Assigned task
Below is a listing with pictures in it; transcribe exactly the lines from the one that has "Qualitätskontrolleure" through the one that has "-漕河全驴宴饭店(徐水店)", and omit those pictures.

━━ Record excerpts ━━

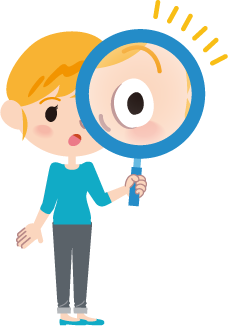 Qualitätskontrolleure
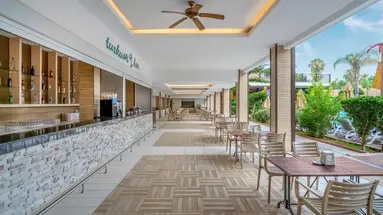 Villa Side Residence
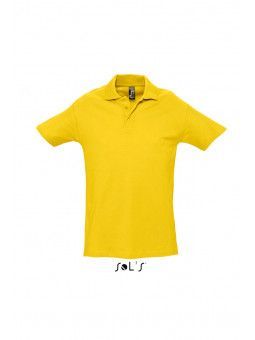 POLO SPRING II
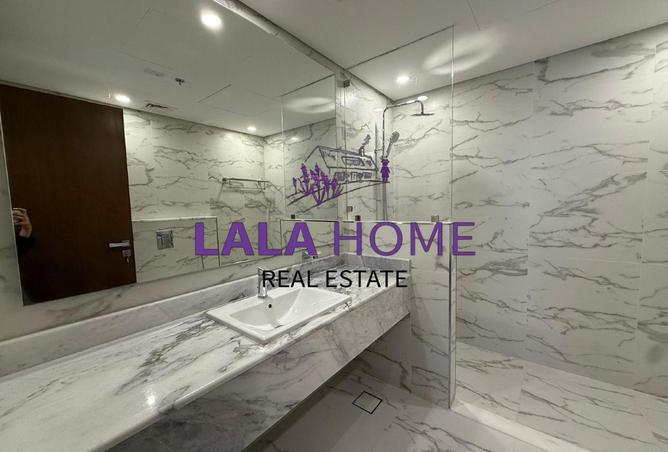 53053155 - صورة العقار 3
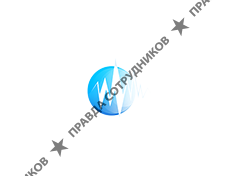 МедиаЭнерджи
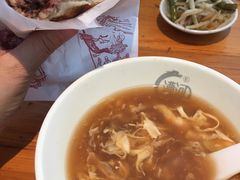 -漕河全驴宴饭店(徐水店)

━━━
━━ Record excerpts ━━

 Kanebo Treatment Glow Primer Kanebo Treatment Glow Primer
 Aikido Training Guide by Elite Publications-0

━━━

Answer for the task
 Qualitätskontrolleure
 Villa Side Residence
 POLO SPRING II
 53053155 - صورة العقار 3
 МедиаЭнерджи
 -漕河全驴宴饭店(徐水店)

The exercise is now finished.